Work to be completed:
Once you find the line with "Классификация разрезов" in the listing below, set down exactly every line from it through the line with "Раздел 1. Управление", but no pictures.

Records shown:
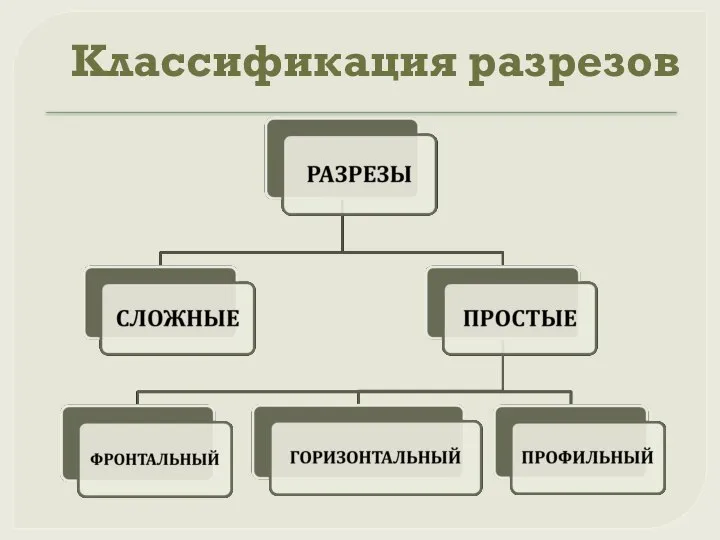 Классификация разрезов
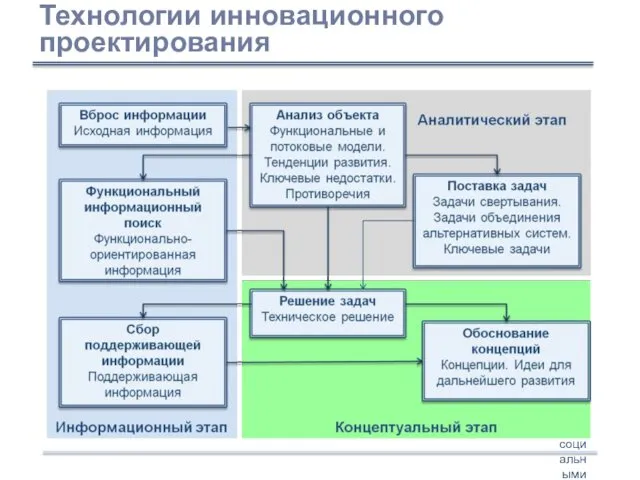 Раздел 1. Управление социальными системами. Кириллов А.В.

---

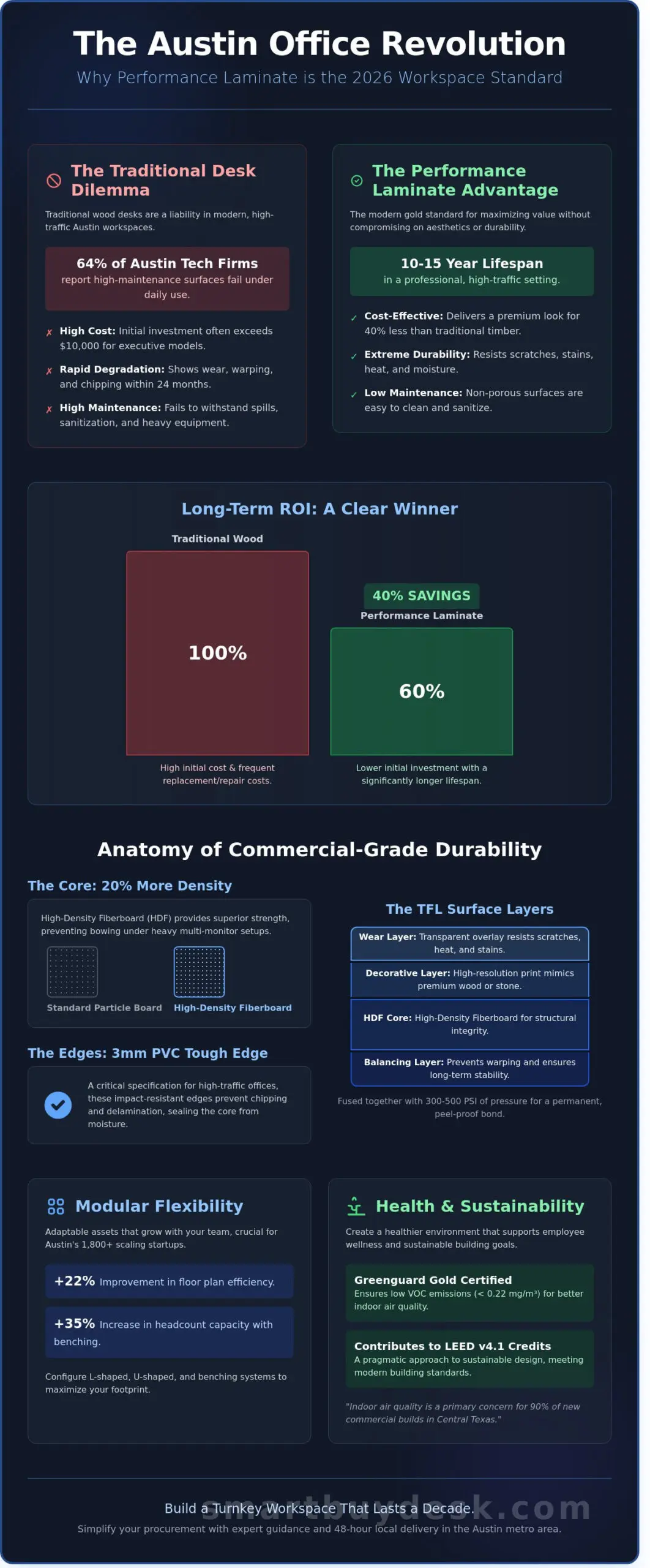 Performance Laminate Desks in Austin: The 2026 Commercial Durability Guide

Output of the task:
 Классификация разрезов
 Раздел 1. Управление социальными системами. Кириллов А.В.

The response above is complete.